Can someone please explain this to me? Also does it really mean anything?

Because I have had people tell me that it does, meaning that the shutter will break after so long, and some people tell me that it doesn't, and that the shutter will last for ever as long as its taken care of.

Who's right?


----------



## Trever1t (Feb 7, 2012)

Manufacturer's rate their shutters for so many actuations. Think of it like tire life...you might get 50K miles from your tires, more or less.....


----------



## Josh66 (Feb 7, 2012)

How ever many actuations your shutter is rated for, generally half of them will fail at (or near) that number.  The rest will fail sooner or later.  How much sooner or later is any-body's guess, mostly.


----------



## IgsEMT (Feb 7, 2012)

I had to replace shutter mechanism on my D90 around 5k mark. I had to replace shutter curtains at 3k on my d300s. I sold my d70s with 200,000plus and never once had a problem with that camera.
Buddy of mine replaced his shutter mechanism around 1500, after the first wedding he used it on.
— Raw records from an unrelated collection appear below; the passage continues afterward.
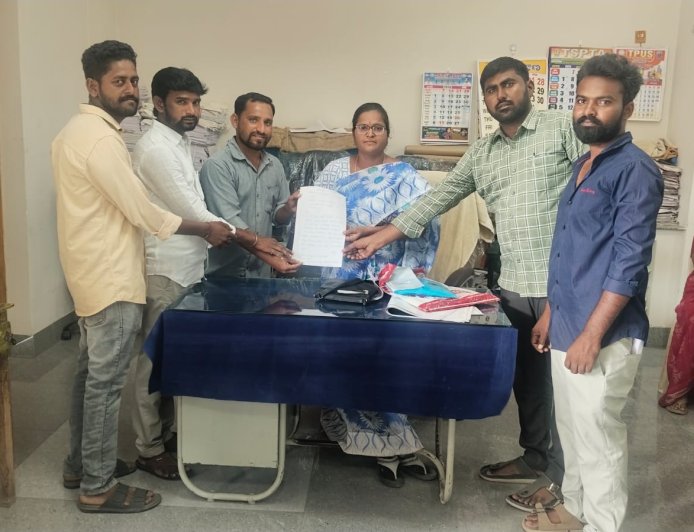 KGBV పాఠశాలల్లో అర్హులైన బాలికలకు వెంటనే సీట్లు కేటాయించాలి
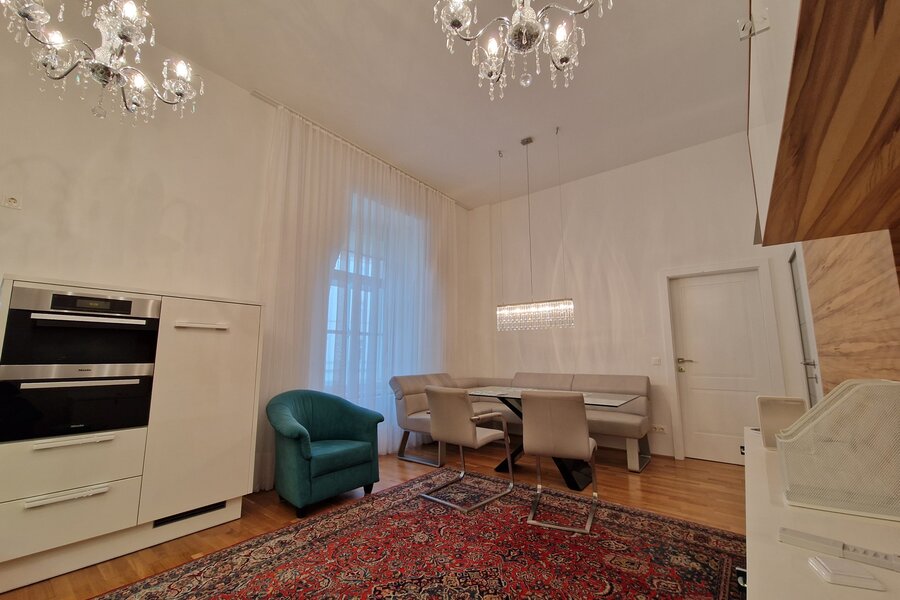 Wohn- und Essbereich mit bequemer Eckbank, Swarowski-Luster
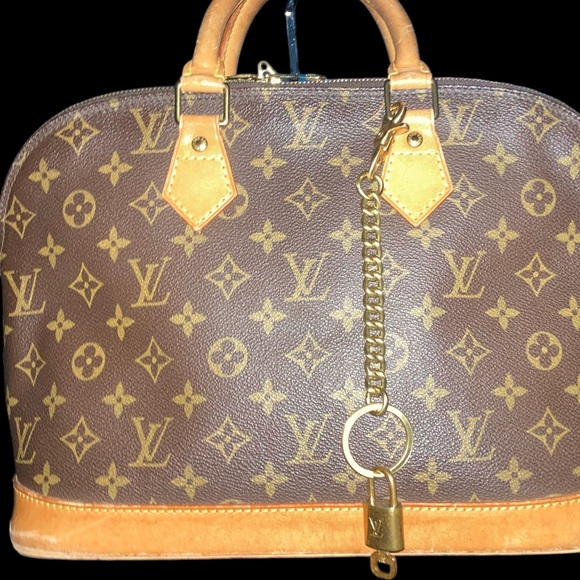 Louis VUITTON Vintage Padlock & Key Set with Brass Lobster Clasp Keyfob🔒🔑 - Picture 2 of 6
Another bud, changed it on his d3 at around 50k.
These things are random, unfortunately.


----------



## SCraig (Feb 7, 2012)

It varies with the camera.  Consumer-grade bodies have relatively low-life shutters since the rationalization is that they won't be used all that much.  Pro-grade bodies have very robust shutter assemblies that probably will last forever.  Everything else is somewhere in between.



IgsEMT said:


> I had to replace shutter mechanism on my D90  around 5k mark...


My D90 has 26,171 on it right now.


----------



## 480sparky (Feb 7, 2012)

Nothing lasts forever.

Shutter count database.


----------



## djacobox372 (Feb 8, 2012)

Its really just a measure of how "used" a camera is.  High shutter count cameras have seen a lot of use and hence are more prone to fail in many ways, not just the shutter.


----------



## patrickt (Feb 8, 2012)

And, where do you find the shutter count?


----------



## 480sparky (Feb 8, 2012)

patrickt said:


> And, where do you find the shutter count?



Online.

Or offline.


----------



## MReid (Feb 8, 2012)

Shutters can be replaced, not really something to worry about.
I have never had a shutter fail.....taken a LOT of pictures.


----------



## KmH (Feb 8, 2012)

As mentioned, for me the shutter actuation count is an indication of how hard or gentle a camera has been used.

Nikon cameras launched in the last 7 years or so write the shutter count info the the cameras EXIF data when JPEG is the selected capture file type. Canon cameras don't. Consequently the only way to get a for sure accurate shutter count from a Canon camera is to have a Canon Service facility read the count.

Be aware that EXIF data can be edited.

Here is what it looks like using the Opanda EXIF reader to read the EXIF from a JPEG made by a Nikon DSLR:


----------



## Trever1t (Feb 8, 2012)

another YaY for the big N.


----------